=== Task input ===

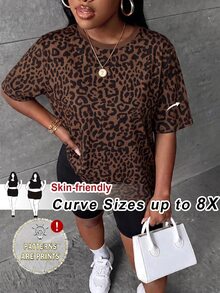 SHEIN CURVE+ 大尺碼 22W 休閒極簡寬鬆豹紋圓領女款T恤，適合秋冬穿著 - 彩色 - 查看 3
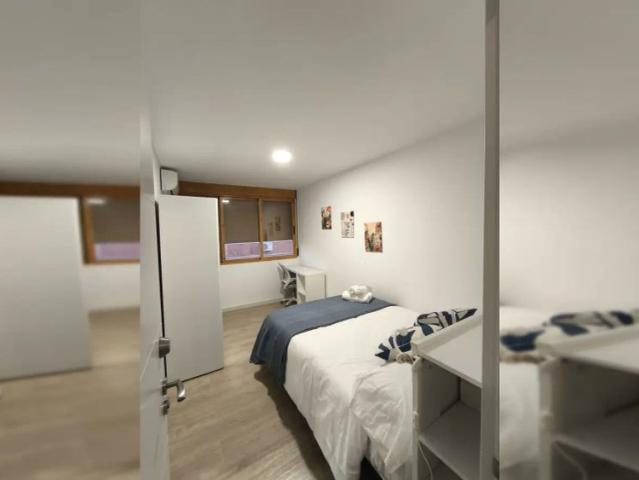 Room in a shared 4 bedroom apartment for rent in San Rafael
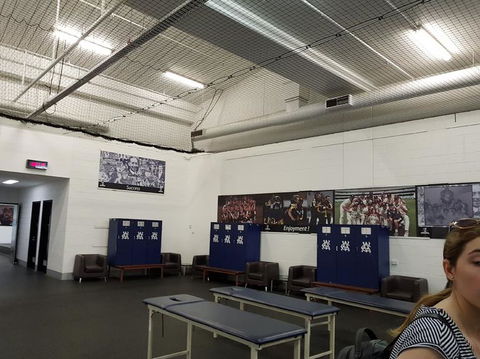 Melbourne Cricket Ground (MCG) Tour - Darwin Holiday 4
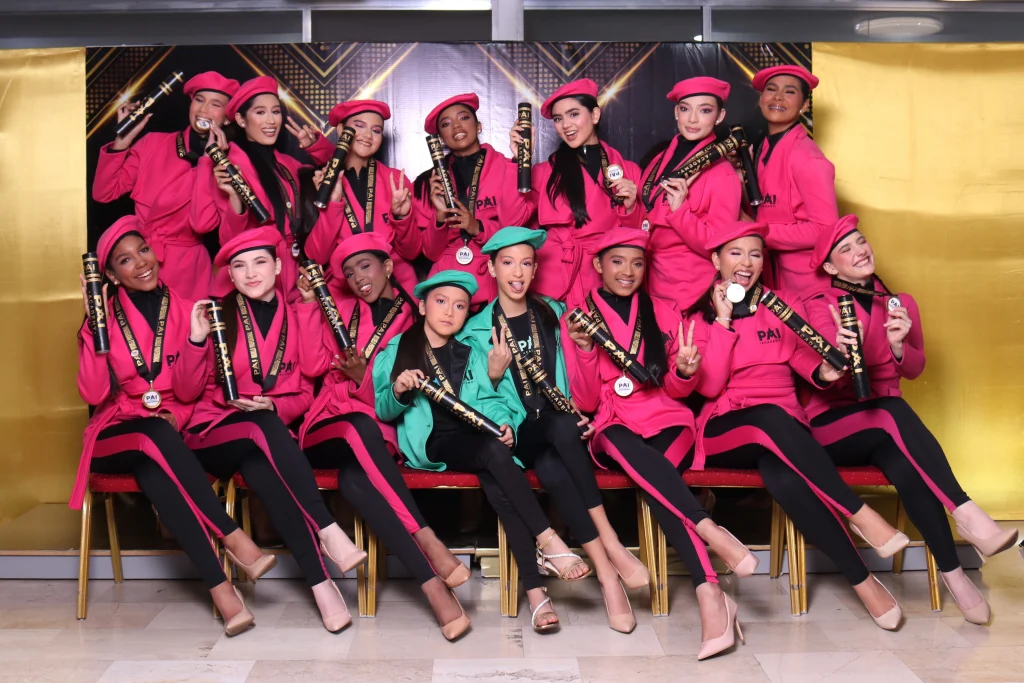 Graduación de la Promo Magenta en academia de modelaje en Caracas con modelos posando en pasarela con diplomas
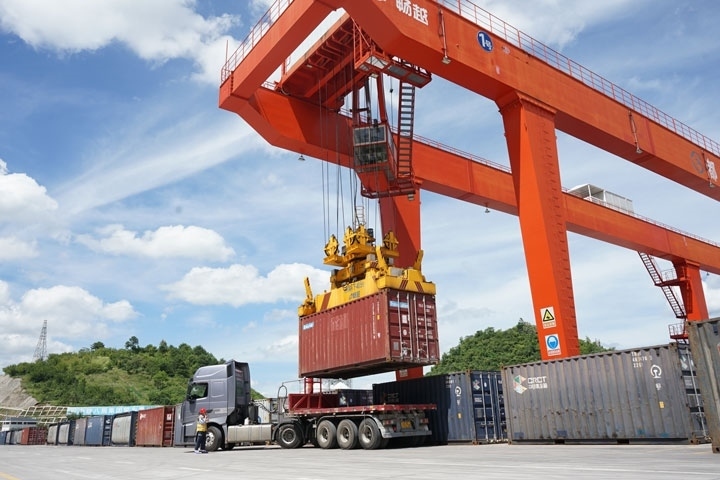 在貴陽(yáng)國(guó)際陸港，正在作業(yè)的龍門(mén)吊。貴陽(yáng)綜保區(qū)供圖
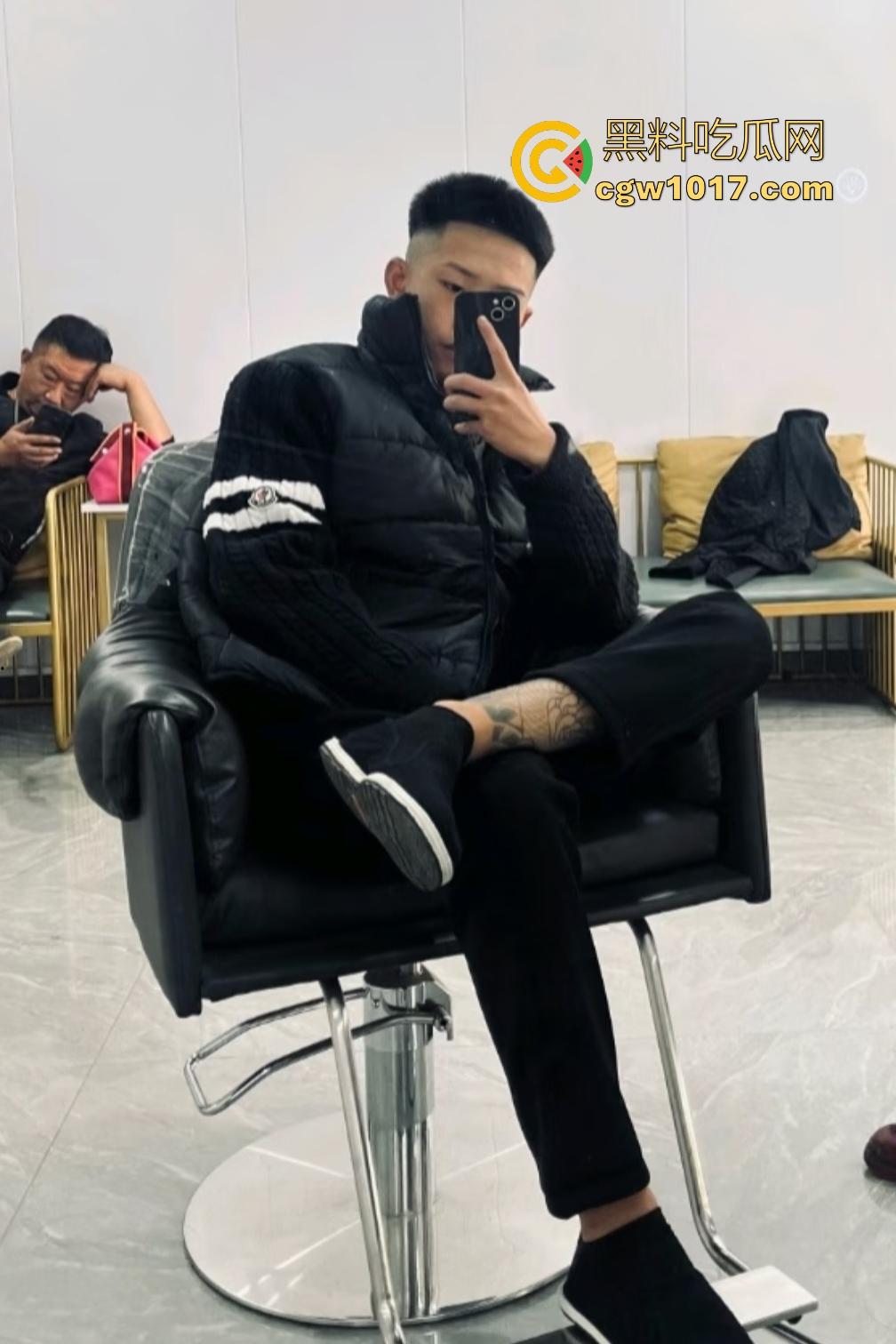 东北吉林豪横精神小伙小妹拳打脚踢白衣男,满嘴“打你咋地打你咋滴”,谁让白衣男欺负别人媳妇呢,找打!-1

===

__Exercise prompt__: The lines wanted run from the one with "Room in a shared" through the final line of the data; repeat them word for word and skip every picture.

__Answer to the exercise__:
 Room in a shared 4 bedroom apartment for rent in San Rafael
 Melbourne Cricket Ground (MCG) Tour - Darwin Holiday 4
 Graduación de la Promo Magenta en academia de modelaje en Caracas con modelos posando en pasarela con diplomas
 在貴陽(yáng)國(guó)際陸港，正在作業(yè)的龍門(mén)吊。貴陽(yáng)綜保區(qū)供圖
 东北吉林豪横精神小伙小妹拳打脚踢白衣男,满嘴“打你咋地打你咋滴”,谁让白衣男欺负别人媳妇呢,找打!-1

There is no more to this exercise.